Deloraine was a peaceful stop for a couple of nights. The owner of the farm emigrated to Australia from Northampton when he was 14 and is shortly to retire from the business with his wife who runs the B&B and travel around Australia in an RV. He took us out one evening to an area at the back of the farm favoured by wallabies and we spotted several of them hopping around in the fields on the edge of the tree-line. We had one full day in the area, which we spent in the Cradle Mountain Park and did a great 3 hour hike around Lake Dove, with stunning views of the mountain and the area around.

A view of Cradle Mountain, with Lake Dove in the foreground.

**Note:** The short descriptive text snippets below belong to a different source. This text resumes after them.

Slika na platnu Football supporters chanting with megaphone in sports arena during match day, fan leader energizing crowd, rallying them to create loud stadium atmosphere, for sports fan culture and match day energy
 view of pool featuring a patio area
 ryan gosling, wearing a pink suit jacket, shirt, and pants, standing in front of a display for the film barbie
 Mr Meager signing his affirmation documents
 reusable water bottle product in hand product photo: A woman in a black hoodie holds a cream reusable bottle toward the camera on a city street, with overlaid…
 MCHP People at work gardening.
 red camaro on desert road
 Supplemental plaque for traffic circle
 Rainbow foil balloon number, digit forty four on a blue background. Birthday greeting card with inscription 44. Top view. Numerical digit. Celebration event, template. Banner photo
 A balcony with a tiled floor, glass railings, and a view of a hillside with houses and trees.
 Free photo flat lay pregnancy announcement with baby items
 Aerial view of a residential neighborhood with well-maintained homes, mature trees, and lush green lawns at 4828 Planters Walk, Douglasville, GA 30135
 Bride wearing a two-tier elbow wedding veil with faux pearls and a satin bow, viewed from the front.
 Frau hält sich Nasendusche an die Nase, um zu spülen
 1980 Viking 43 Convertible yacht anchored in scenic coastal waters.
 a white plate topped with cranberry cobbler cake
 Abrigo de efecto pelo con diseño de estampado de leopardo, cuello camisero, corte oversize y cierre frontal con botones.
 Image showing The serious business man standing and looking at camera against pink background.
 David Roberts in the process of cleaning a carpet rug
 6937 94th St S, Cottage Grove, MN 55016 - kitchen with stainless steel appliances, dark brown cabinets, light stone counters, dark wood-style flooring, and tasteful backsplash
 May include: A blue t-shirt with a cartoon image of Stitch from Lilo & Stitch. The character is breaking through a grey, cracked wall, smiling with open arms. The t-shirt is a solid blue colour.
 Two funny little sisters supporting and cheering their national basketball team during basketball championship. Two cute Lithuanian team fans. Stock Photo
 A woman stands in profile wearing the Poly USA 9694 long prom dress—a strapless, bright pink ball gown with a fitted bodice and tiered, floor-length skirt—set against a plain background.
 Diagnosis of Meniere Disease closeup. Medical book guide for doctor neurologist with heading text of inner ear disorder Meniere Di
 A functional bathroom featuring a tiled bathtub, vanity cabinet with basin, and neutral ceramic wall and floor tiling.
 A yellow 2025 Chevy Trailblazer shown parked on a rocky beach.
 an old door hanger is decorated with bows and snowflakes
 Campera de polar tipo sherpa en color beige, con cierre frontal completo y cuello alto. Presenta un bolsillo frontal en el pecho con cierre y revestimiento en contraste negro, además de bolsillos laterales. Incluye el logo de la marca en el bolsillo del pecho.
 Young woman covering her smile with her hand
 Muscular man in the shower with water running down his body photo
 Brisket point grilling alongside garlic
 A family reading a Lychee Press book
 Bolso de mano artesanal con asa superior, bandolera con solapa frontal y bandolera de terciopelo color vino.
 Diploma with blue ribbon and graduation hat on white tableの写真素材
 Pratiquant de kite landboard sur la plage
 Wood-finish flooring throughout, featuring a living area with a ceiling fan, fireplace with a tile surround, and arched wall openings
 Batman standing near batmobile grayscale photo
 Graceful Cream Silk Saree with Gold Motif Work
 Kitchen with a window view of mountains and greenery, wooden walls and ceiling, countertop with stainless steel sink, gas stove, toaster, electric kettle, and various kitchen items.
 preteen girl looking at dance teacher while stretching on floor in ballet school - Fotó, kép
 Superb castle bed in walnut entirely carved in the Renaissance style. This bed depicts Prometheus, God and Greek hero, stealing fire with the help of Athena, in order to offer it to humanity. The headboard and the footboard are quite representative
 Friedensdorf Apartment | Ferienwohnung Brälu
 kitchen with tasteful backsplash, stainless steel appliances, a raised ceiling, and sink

Our final stop was intended to be in a country inn by the side of a lake, but we arrived to find the place closed - it seems they hadn't got our booking and decided it wasn't worth opening! No matter, we carried on to the east coast to the village of Swansea, which we used as our base for exploring the Freycinet National Park. Here, we did another fantastic hike climbing through forest to a ridge and then descending down to Wine Glass Bay, by all accounts one of the most beautiful beaches in Australia and only reachable on foot or by boat. Take a look at the picture - we're not sure you'll spot many beaches better than this anywhere!

After the beautiful, serenity of Tasmania, we headed back to Melbourne for a couple of days, staying on the southern edge of the CBD and meeting up for lunch with Sue's cousin Steve and Jane, before catching a morning flight on Monday 3rd February for Christchurch. We're really looking forward to spending a month in New Zealand, but we will tell you about our first impressions of the South Island in our next post. In the meantime, we will leave you with some pictures of the wonderful wildlife that we spotted in Tasmania.

A poteroo - one of the smallest marsupials and almost too shy for the camera!

Spiky, but still cute - an Echidna!

And finally...don't mess with me, I'm a Wombat!